Terb Messaging Guide: What to Say (and What Not to Say)
Last updated: May 2025 • 9 min read
Let me paint you a picture. Two people match on terb. Their profiles align perfectly. The attraction is mutual. And then one of them opens with "hey" and the whole thing dies on arrival.
Messaging is where most terb interactions succeed or fail. Not your photos, not your bio — your first message. I've been in Ontario's casual dating scene long enough to know exactly what works, what tanks, and why. Here's the no-fluff version.
The First Message: You Have One Shot
Your opening message determines whether you get a reply or get ignored forever. On terb, people are busy and their attention is limited. You need to stand out immediately.
What works:
- Reference something specific from their profile. "Your camping photo near Algonquin — do you go every summer?" This proves you actually read their profile and aren't copy-pasting the same opener to 40 people.
- Ask one clear, easy-to-answer question. One question invites a response. Five questions feels like an interrogation.
- Be direct about your interest. "I liked your profile, you seem like exactly the kind of person I'm looking for on here." Confident, not creepy.
- Keep it short. Two sentences max. Long openers put pressure on the other person to write an equally long reply. They won't.
What doesn't work:
- "Hey" or "hi" — zero effort, zero response
- Explicit openers — immediate block, regardless of how hot you are
- Complimenting only their physical appearance — "you're so hot" tells them nothing about you
- Negging — this is 2025, not a pickup artist forum from 2007
- Paragraph-length intros about yourself — they didn't ask
Moving the Conversation Forward
Once you get a reply, your job is to build just enough rapport to get to a meetup. On terb, you're not pen pals. Keep the back-and-forth tight — 3 to 8 messages total before suggesting a meetup is the sweet spot.
The conversation arc should look like: interest → a bit of personality → logistics. You're not trying to become their best friend over text. You're confirming there's enough chemistry to meet in person.
Good conversation transitions:
- "You seem like good company — want to grab a drink this week?"
- "I feel like this conversation would be way better in person. When are you free?"
- "I'm in [neighbourhood] Saturday evening if you want to meet up properly."
Notice these are confident and direct without being presumptuous. You're inviting, not assuming.

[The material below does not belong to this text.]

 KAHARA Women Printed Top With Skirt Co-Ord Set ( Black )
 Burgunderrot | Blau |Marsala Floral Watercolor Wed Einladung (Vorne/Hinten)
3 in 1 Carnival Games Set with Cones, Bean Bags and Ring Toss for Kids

Communicating Intentions Without Being Weird About It
One of the best things about terb culture is that you can be direct about what you want. But there's a difference between direct and blunt-to-the-point-of-weird.
Direct and good: "I'm not looking for anything serious right now — just genuine connection and fun. Is that what you're after too?"

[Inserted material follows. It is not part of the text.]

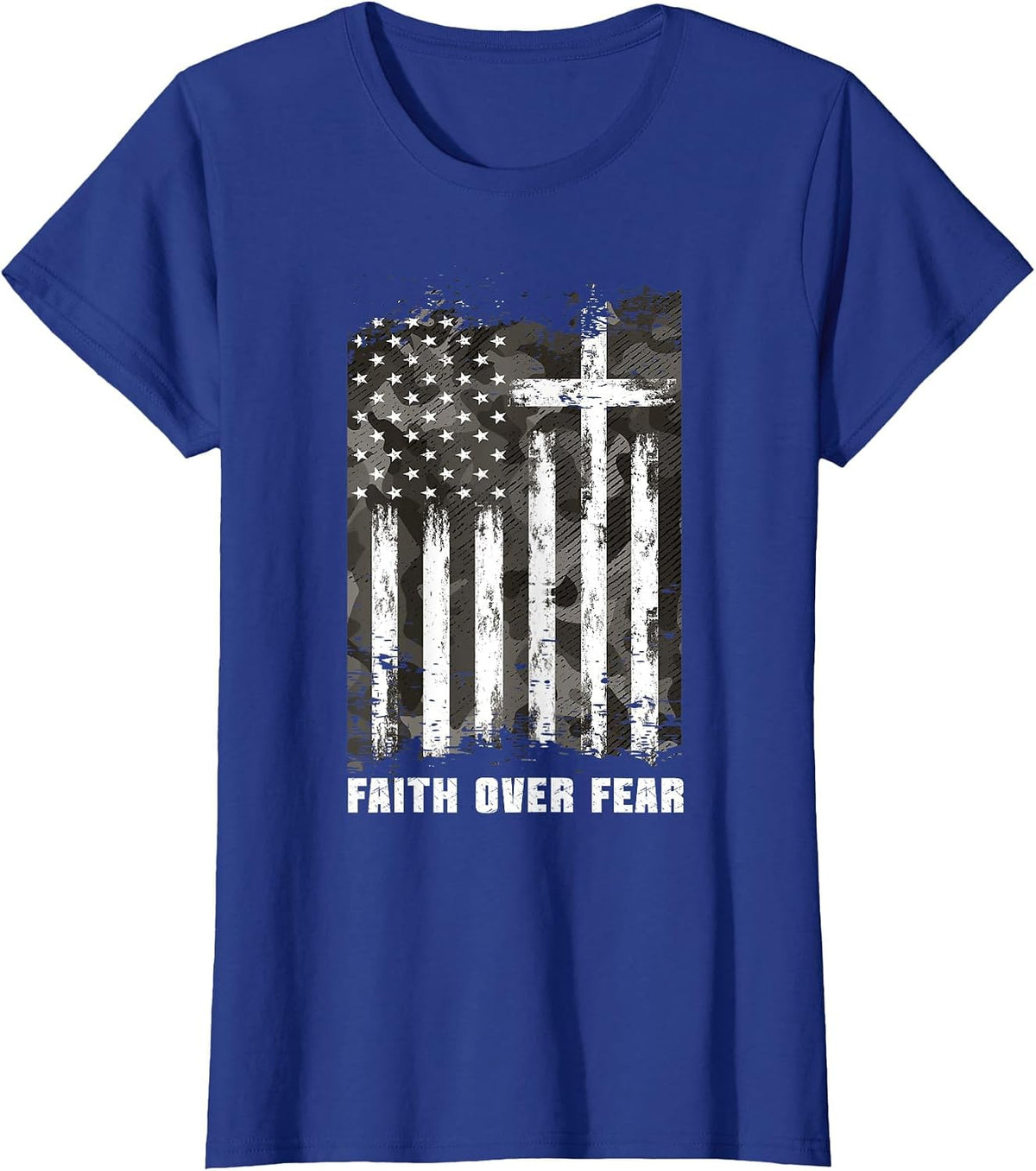 Faith Over Fear Christian Cross Camouflage American Flag T-Shirt - Royal Blue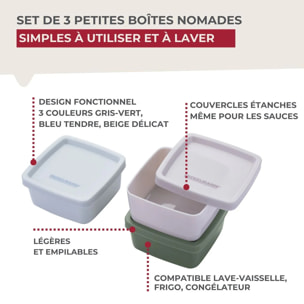 Lot de 4 sets de 3 boîtes carrées à sauce ou épices Fackelmann Storage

Direct and weird: "I want sex. You want sex? Let's have sex." (Real message someone showed me. Don't be this person.)
The first version is honest and inviting. It confirms alignment without making the other person feel like an object. That distinction matters enormously in how the interaction proceeds.
When They Don't Reply
Send one follow-up if a day or two passes with no response. Something casual: "Hey, still around?" or a new question that references something you noticed on their profile. If they still don't reply after that, let it go completely.
Sending multiple follow-up messages to someone who isn't responding is one of the fastest ways to damage your reputation on terb. One follow-up = normal. Three follow-ups = blocked and talked about. Know the line.
Confirming Plans
The day of a planned meetup, send a simple confirmation: "Still on for tonight? I'm thinking [specific place] around [time]." Specificity prevents the vague "yeah, maybe" that leads to both people waiting for the other to commit.
If they confirm but then go quiet closer to the time, send one more: "Heading out soon — still on?" If no response, make other plans. Don't show up assuming. This is part of the basic terb etiquette that experienced people take for granted.
After the Meetup
Always send a brief message after. "Had a really good time tonight" takes five seconds and makes a huge difference. If you want to see them again: "Would definitely be down to do that again if you're up for it." If you don't: "Thanks for the evening, hope you got home safe."
The after-message is where ghosters separate from people with good reputations in the terb community. Don't skip it.